The second embodiment of the filling method according to the invention comprises the following steps:

• • the plug 23 is inserted into its first insertion position (by the force 19), as illustrated in FIG. 5, the plug 23 being prevented from entering completely into the housing 13 up to its second insertion position by the stop 27 because at this step the force 19 exerted on the plug 23 is less than the insertion force threshold,
  • then the pocket 2 is pressed so as to reduce its volume and/or the reservoir 6 is pressed (by the force 18) so as to reduce its volume and/or (in the case of the existence of at least one vent 133) the fluid 7 is injected either through a vent 133 connecting the reservoir 6 to the housing 13, or through a vent connecting the reservoir 6 to the outside of the device 101 without passing through the housing 13, or through the housing 13 (more precisely by the part 131 and/or 132 of the housing 13)
  • so as to cause fluid 7 and/or gas to rise from the pocket or reservoir towards the opening 10, while the plug 23 is inserted in its first insertion position in the plug housing 13, so that the volume of gas in the housing 13 is replaced by the volume of the plug 23 (more precisely the volume of the part of the plug 23 which enters the plug housing 13) and/or fluid 7 in the housing 13 and escapes from the plug housing 13 through the opening 10 along and/or around the plug 23; the upper end of the plug 23 is detected by the sensor 9 or by eye (the interior of the housing 13 and/or the plug 23 comprising a marking of a level line or a visual level mark) as being at a level h1 as illustrated in FIG. 5.
  • the rise of fluid 7 and/or gas from the previous step (i.e. the pressing or injection of the previous step) is carried out until a level of the plug is detected by the sensor 9 or by eye, preferably optical or ultrasonic, above a predefined threshold h2, while the plug 23 is inserted in its first insertion position in the plug housing 13; as illustrated in FIG. 6, the act of pressing or injecting causes the fluid 7 to rise in the housing 13, which causes the plug 23 to rise from its level h1 to its level h2; the plug 23 is prevented from coming out completely from the housing 13 by the stop 28 because the force exerted by the fluid 7 (Archimedes pressure) on the plug 23 is less than the extraction force threshold,
  • Then, once the threshold h2 is reached and/or detected, the pressure on the pocket 2 or the reservoir 6 is stopped or the injection of fluid 7 is stopped, and the plug 23 is pushed or moved into the plug housing 13 (by the force 19) so as to make it pass from its first insertion position to its second insertion position, as illustrated in FIG. 7.

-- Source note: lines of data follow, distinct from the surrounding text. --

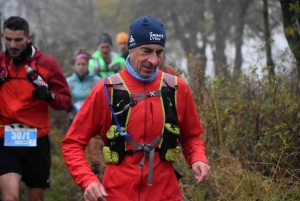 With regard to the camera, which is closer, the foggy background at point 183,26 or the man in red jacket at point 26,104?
the man in red jacket at point 26,104

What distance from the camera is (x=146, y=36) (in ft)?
13.5

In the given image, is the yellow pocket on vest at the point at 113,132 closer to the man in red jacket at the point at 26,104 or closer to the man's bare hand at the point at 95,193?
the man's bare hand at the point at 95,193

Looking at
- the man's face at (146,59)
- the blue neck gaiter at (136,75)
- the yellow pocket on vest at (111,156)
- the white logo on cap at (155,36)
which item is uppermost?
the white logo on cap at (155,36)

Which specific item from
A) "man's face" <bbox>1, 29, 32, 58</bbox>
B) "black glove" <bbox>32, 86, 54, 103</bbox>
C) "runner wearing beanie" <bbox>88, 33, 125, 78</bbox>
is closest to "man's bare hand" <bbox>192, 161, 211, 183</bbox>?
"black glove" <bbox>32, 86, 54, 103</bbox>

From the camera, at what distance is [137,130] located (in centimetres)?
403

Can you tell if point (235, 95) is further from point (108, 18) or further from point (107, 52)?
point (108, 18)

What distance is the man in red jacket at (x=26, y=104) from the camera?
611 centimetres

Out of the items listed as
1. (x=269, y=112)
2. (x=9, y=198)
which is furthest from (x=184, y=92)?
(x=269, y=112)

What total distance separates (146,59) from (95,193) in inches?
36.6

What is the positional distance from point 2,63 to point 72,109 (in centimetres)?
345

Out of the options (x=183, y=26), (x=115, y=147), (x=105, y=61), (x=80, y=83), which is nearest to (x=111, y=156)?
(x=115, y=147)

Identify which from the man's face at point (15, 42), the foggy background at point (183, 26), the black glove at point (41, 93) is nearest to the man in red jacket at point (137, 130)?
the black glove at point (41, 93)

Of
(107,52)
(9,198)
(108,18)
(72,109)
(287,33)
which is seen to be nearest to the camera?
(9,198)

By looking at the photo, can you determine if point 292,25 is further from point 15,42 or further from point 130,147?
point 130,147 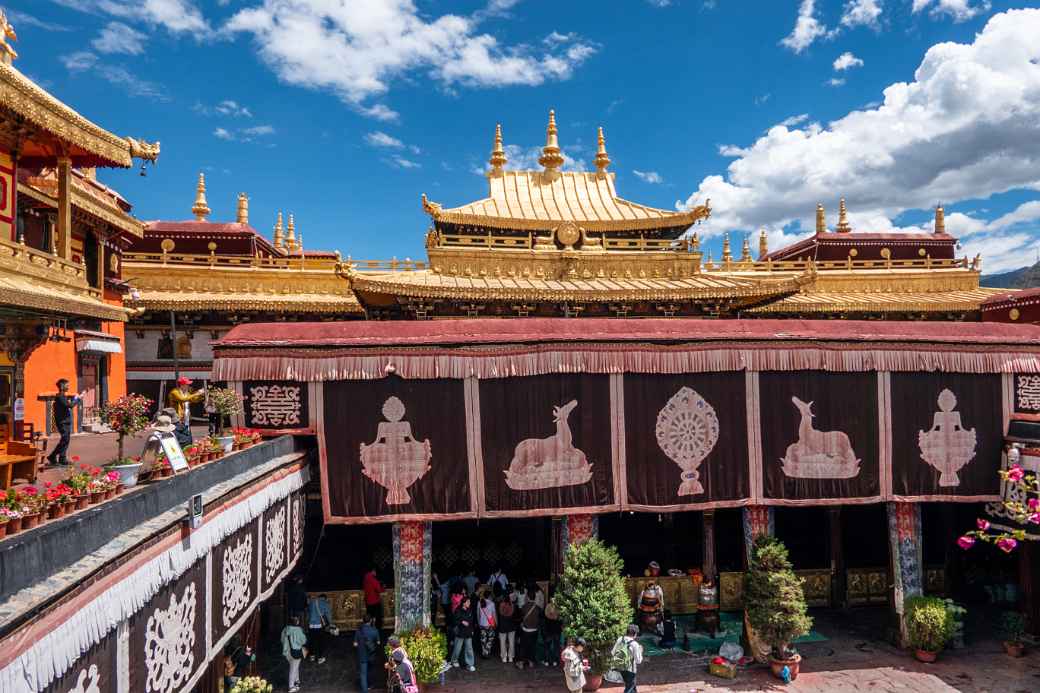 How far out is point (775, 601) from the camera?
10242mm

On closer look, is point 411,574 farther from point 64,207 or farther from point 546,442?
point 64,207

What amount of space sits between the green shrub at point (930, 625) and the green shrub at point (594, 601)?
5510 millimetres

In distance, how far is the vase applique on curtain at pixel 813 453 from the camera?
10.8 metres

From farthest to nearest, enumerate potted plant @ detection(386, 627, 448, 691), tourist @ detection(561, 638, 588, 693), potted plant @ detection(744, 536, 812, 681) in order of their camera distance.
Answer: potted plant @ detection(744, 536, 812, 681)
potted plant @ detection(386, 627, 448, 691)
tourist @ detection(561, 638, 588, 693)

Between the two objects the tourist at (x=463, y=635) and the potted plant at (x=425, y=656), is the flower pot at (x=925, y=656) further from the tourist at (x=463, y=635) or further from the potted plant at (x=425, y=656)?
the potted plant at (x=425, y=656)

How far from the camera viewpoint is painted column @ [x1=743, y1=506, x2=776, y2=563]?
10953 millimetres

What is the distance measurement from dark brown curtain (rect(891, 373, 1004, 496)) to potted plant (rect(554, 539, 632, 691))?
229 inches

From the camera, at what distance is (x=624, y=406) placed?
1055 centimetres

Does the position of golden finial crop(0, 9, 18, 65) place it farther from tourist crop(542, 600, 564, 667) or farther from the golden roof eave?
tourist crop(542, 600, 564, 667)

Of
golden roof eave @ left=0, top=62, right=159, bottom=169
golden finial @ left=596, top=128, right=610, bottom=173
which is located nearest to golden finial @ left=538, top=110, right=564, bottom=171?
golden finial @ left=596, top=128, right=610, bottom=173

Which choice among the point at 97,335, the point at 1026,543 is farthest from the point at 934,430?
the point at 97,335

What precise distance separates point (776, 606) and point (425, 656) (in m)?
6.12

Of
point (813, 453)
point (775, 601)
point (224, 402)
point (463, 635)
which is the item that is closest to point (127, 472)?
point (224, 402)

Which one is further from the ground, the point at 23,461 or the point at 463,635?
the point at 23,461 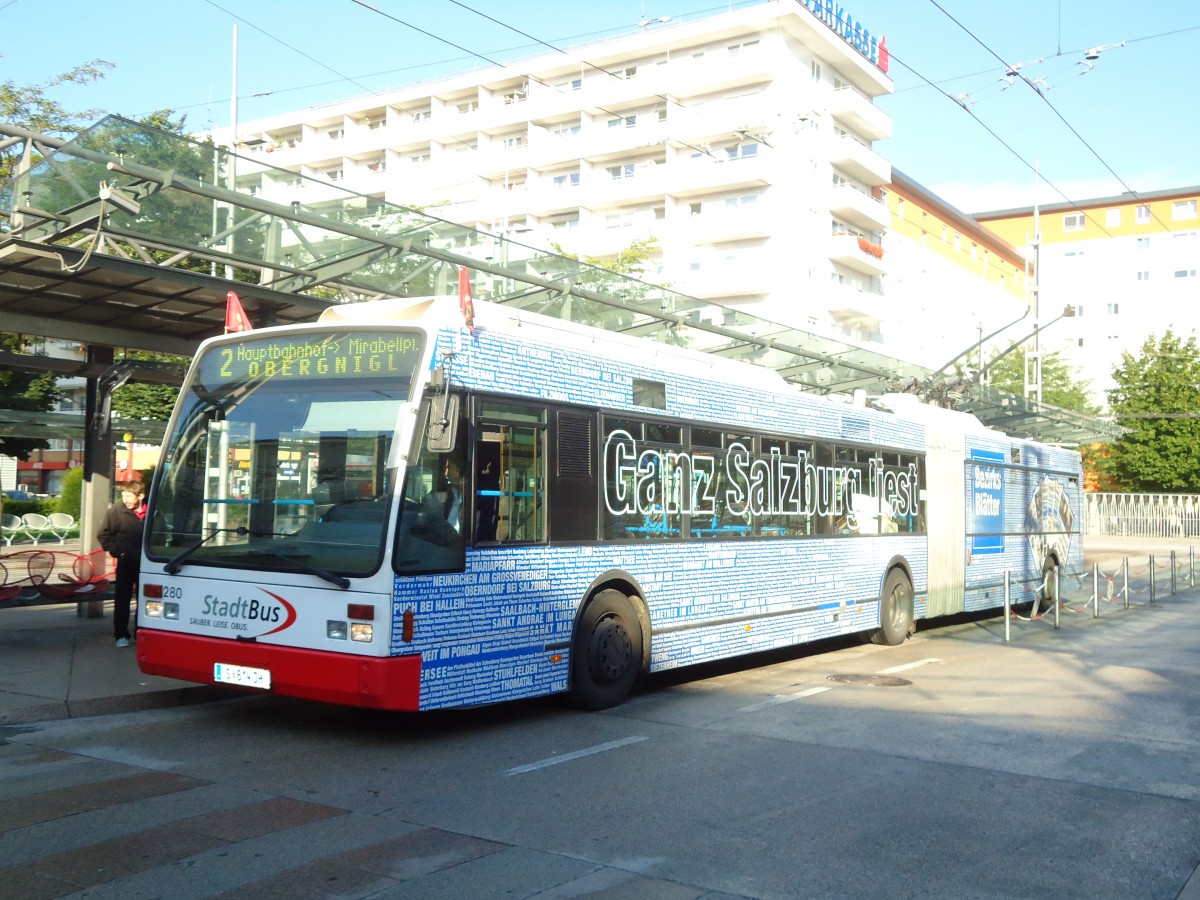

In this embodiment, the sensor is preferably an optical sensor and may comprise a transmitting fiber and a receiver, the end of the plug 23 which carries the outlet 24 being placed between the transmitting fiber and the receiver but may generally use any suitable technical means for measuring distance or level (LIDAR, ultrasound, etc.).

With reference to FIGS. 12 and 13, the wall 14 (which forms a bag) is fixed (preferably welded, for example by thermal or ultrasonic welding), during this step the reservoir 6 is not filled with product.

It is noted that each of the embodiments 101 or 102 previously described may, in an implementation of methods according to the invention, comprise (before and/or during the detection of a fluid level or a level of the plug 23 previously described) a filling of the reservoir 6 with fluid 7 by the pipe 77 through the housing 13:

• • directly to the reservoir 6 (without passing through the pocket 2) via the at least one vent 133 and/or
  • preferably to the reservoir 6 passing through the pocket 2 (the vent 133 being optional).

We will now describe, with reference to FIG. 8, a third embodiment of device 103 according to the invention and filling method, only for their differences compared to the first embodiment of device 101 and method of FIGS. 1 to 3.

In this embodiment, the parts 132 and 232 are absent.

The outlet 24 is located laterally relative to a vertical axis connecting the pocket 2 to the reservoir 6.

In other words, the device 103 is arranged so that the fluid 7 exits substantially (to within 20 degrees) horizontally from the outlet 24.

The wall 14 is not flexible and does not form a bag but is a rigid wall in which a piston slides which will reduce the interior volume of the reservoir 6 as the fluid 7 exits the reservoir 6.

The method for filling the device 103 may comprise the same steps as the first embodiment of the filling method described with reference to FIGS. 1 to 3.

However, the sensor 9 detects the level of fluid 7 not through the opening 10, but through the part 89 (also called cap 89 in this embodiment, which forms the internal walls of the housing 13) of the device 103 which is transparent to the radiation used by the sensor 9 so as to make the surface 15 and/or the level 30 of the upper surface of fluid 7 visible by the sensor 9. There is thus preferably, within the same device 103, a part 89 transparent to the radiation used by the sensor 9 and a surface 15 not transparent to the radiation used by the sensor 9.

This principle is also applicable to the naked eye and to a part 89 transparent to radiation of 400 to 700 nm wavelength visible to the naked eye and a surface 15 not transparent to radiation of 400 to 700 nm wavelength visible to the naked eye.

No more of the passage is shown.